• LISTED ENTRIES

□ □ □

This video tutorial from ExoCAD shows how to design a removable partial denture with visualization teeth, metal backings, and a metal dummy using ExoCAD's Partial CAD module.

□ □ □

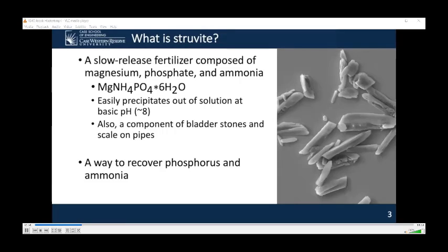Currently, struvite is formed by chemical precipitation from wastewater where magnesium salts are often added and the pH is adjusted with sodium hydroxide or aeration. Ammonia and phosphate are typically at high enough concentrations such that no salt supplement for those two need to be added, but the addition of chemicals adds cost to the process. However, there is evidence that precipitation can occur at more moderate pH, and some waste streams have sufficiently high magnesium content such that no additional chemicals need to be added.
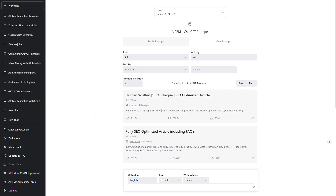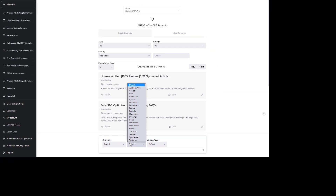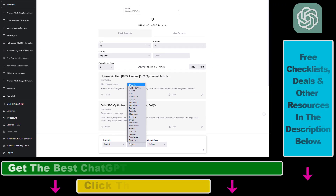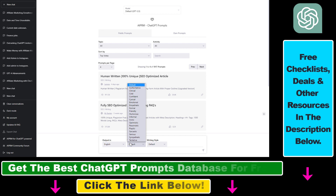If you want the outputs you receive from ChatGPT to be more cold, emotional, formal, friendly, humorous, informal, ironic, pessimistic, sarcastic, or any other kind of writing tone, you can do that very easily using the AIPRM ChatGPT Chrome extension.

□ □ □

• REQUIRED ACTION
Go to the line above that contains "Currently, struvite is" and reproduce everything exactly from there through the line that contains "If you want", leaving out the pictures.

• EXERCISE ANSWER
Currently, struvite is formed by chemical precipitation from wastewater where magnesium salts are often added and the pH is adjusted with sodium hydroxide or aeration. Ammonia and phosphate are typically at high enough concentrations such that no salt supplement for those two need to be added, but the addition of chemicals adds cost to the process. However, there is evidence that precipitation can occur at more moderate pH, and some waste streams have sufficiently high magnesium content such that no additional chemicals need to be added.
If you want the outputs you receive from ChatGPT to be more cold, emotional, formal, friendly, humorous, informal, ironic, pessimistic, sarcastic, or any other kind of writing tone, you can do that very easily using the AIPRM ChatGPT Chrome extension.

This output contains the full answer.